Total synthesis of structurally diverse pleuromutilin antibiotics

Abstract

The emergence of drug-resistant bacterial pathogens has placed renewed emphasis on the total chemical synthesis of novel antibacterials. Tetracyclines, macrolides, streptogramins and lincosamides are now accessible through flexible and general synthetic routes. Pleuromutilins (antibiotics based on the fungal metabolite pleuromutilin) have remained resistant to this approach, in large part due to the difficulties encountered in the de novo construction of the decahydro-3a,9-propanocyclopenta[8]annulene skeleton. Here we present a platform for the total synthesis of pleuromutilins that provides access to diverse derivatives bearing alterations at previously inaccessible skeletal and peripheral positions. The synthesis is enabled by the serendipitous discovery of a vinylogous Wolff rearrangement, which serves to establish the C9 quaternary centre in the targets, and the development of a highly diastereoselective butynylation of an α-quaternary aldehyde, which forms the C14 secondary alcohol. The versatility of the route is demonstrated through the synthesis of seventeen structurally distinct derivatives, with many possessing potent antibacterial activity.

Fig. 1.. The structures of (+) pleuromutilin (1), clinically relevant derivatives, and prior synthetic art.

a. Structures of (+)-pleuromutilin (1), 12-epi-pleuromutilin (2), retapamulin (3), lefamulin (4), and extended spectrum pleuromutilins (ESPs, 5). b. Overview of the prior synthetic route to (+)-pleuromutilin (1) by Murphy et al.

Fig. 2.. An unexpected vinylogous Wolff rearrangement provided access to the C9 quaternary stereocenter and formed the basis for a synthetic route to C12 normethyl pleuromutilins.

a.

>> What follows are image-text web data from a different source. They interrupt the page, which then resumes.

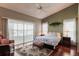Comfortable main bedroom with hardwood floors, natural light, and a sliding glass door to the outside patio at 1872 Birmingham Blvd, Port Charlotte, FL 33980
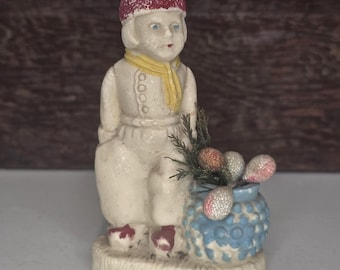 Puede incluir: Figura vintage de una persona sentada con gorro rojo, bufanda amarilla y atuendo blanco. La figura sostiene un jarrón azul con elementos florales decorativos. La figura tiene una base color crema y probablemente sea de cerámica.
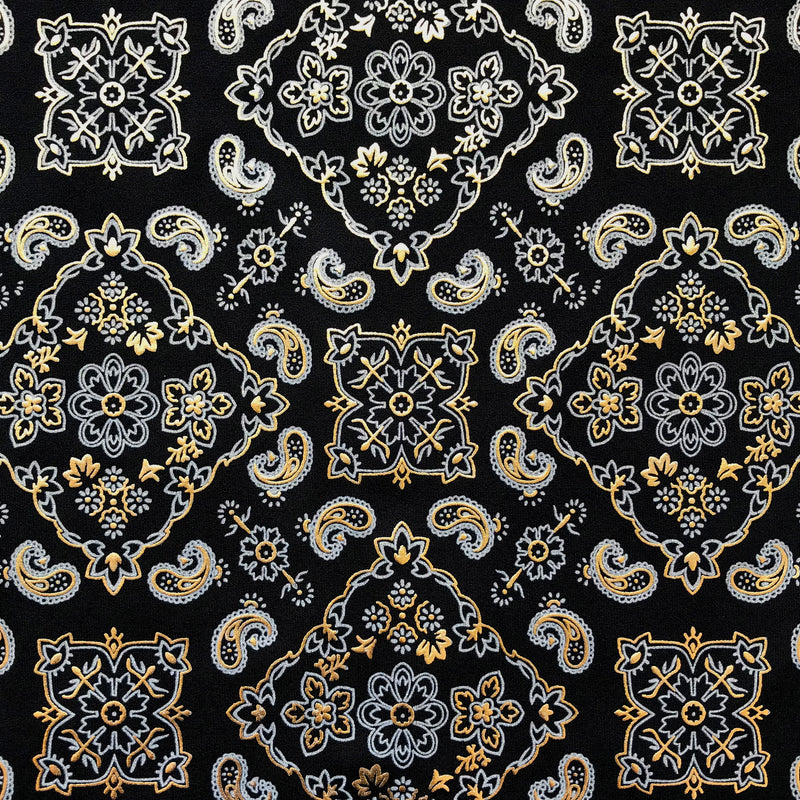 A flat sample of bandana foil prtined spandex in the color black-gold.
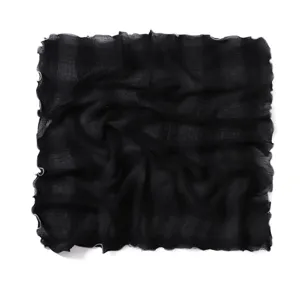 Black crinkled square scarf detail showing delicate lettuce edge and soft breathable fabric.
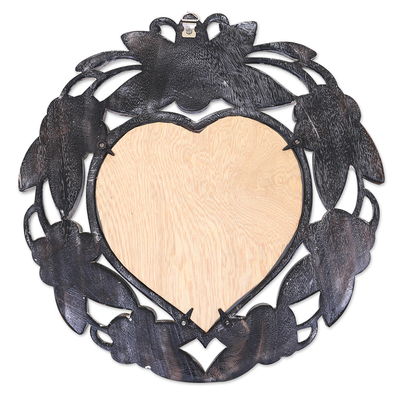 Wandspiegel, 'Black Frangipani Heart' - Handgeschnitzter, herzförmiger, floraler Wandspiegel aus Suar-Holz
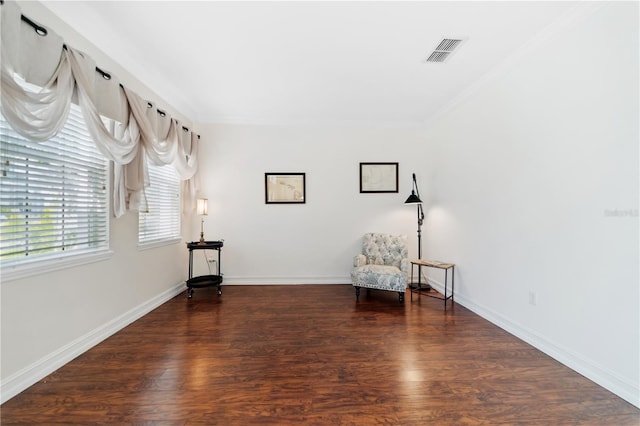 unfurnished room featuring crown molding, wood finished floors, visible vents, and baseboards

Arndt–Eistert homologation of the α-diazoketone 11 provided the homologation product 12 and the rearrangement product 13. b. Potential mechanistic pathways for the rearrangement may involve a concerted 2,3-rearrangement of the α-diazoketone 14 or rearrangement of the ketocarbene 16. c. Synthesis of the C12 normethyl pleuromutilin derivative 24. d. Proposed orientation of the (Z)-enolate 25. e. X-ray structure of the mutilin derivative 26. f. MMFF (Merck molecular force field) overlay of 1 and 24.

Fig. 3.. Scope of the butynylation reaction, competition of a fully derivatized analog and synthesis of a C7-substitued pleuromutilin.

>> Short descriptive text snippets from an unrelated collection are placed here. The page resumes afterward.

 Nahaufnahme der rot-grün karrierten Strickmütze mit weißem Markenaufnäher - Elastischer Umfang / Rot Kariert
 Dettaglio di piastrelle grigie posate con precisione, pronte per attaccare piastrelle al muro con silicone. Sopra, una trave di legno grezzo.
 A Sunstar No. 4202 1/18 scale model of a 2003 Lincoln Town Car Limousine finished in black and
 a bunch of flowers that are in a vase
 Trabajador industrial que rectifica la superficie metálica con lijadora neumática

a. Products synthesized by addition to 20. Isolated yields and diastereoselectivity are reported. b. Synthesis of the C12 normethyl lefamulin derivative 37. c. Synthesis of the C7-substituted derivative 45.

Fig. 4.. Preparation of pleuromutilin derivatives, including ring contractions in the six- and eight-membered rings.

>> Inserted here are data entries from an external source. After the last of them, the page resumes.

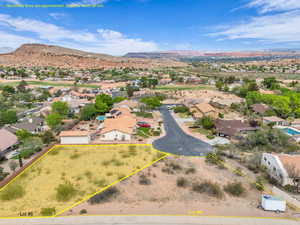 Drone / aerial view featuring a residential view and a mountain view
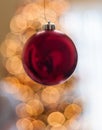 Single Red Christmas Ornament hanging in front of lights Royalty Free Stock Photo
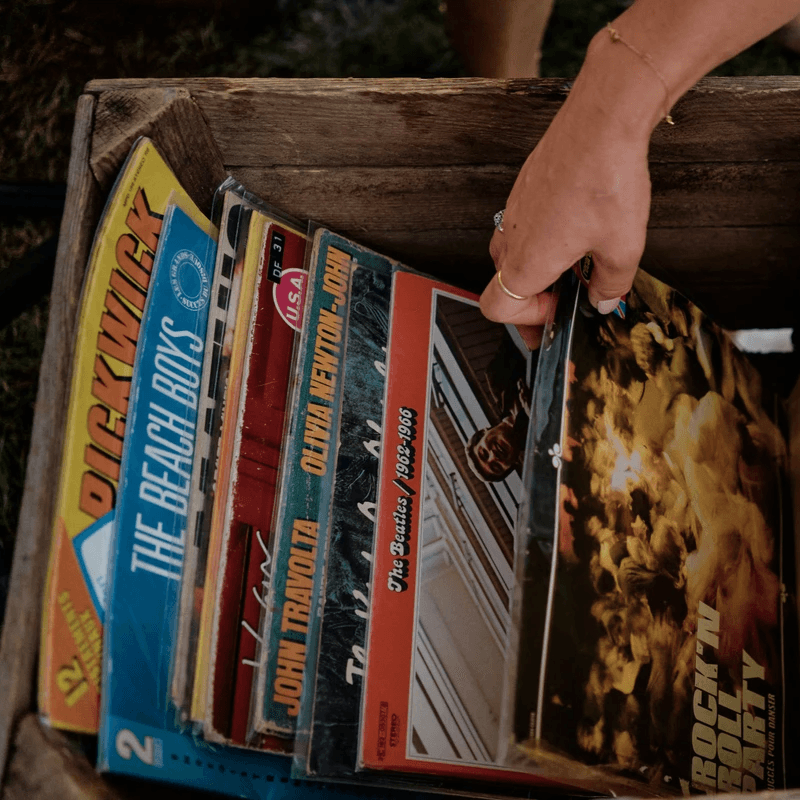 Main piochant dans une caisse contenant des vinyles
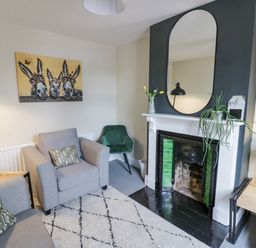 A living room with a gray armchair and sofa a fireplace with a mirror and plants and a painting of three donkeys at Dobbies Den in Bewdley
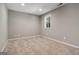 Neutral bedroom with plush carpet and a bright window at 56 American Walk, Peachtree City, GA 30269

a. Synthesis of the ring-contracted derivatives 51, 55 and 56; NOE enhancements supporting the relative stereochemistry of 48, 50, 52, 53, and 54 are indicated by arrows. b. Synthesis of the derivative 59, which contains a seven-membered ring. NOE enhancements supporting the relative stereochemistry of 58 are indicated by arrows.

Fig. 5.. Seventeen structurally-distinct derivatives were prepared and evaluated against a panel of Gram-positive and Gram-negative bacteria.

Fully synthetic pleuromutilins prepared using the synthetic platform that feature different core modifications (24, 37, 45, 63–72), ring sizes (51, 55, 56, 59) and C14 glycolic ester derivatives (R¹–R³). The compounds were compared to semisynthetic controls (lefamulin (4), 60–62; shown in the gray box) against a panel of Gram-positive and Gram-negative bacteria. Minimum Inhibitory Concentrations (μg/mL) are reported. MSSA: methicillin-susceptible S. aureus; MRSA: methicillin-resistant S. aureus; MRSE: methicillin-resistant S. epidermidis; MSSE: methicillin-susceptible S. epidermidis; VSE: vancomycin-susceptible Enterococcus; VRE: vancomycin-resistant Enterococcus; PISP: penicillin-intermediate S. pneumoniae; PRSP: penicillin-resistant S. pneumoniae.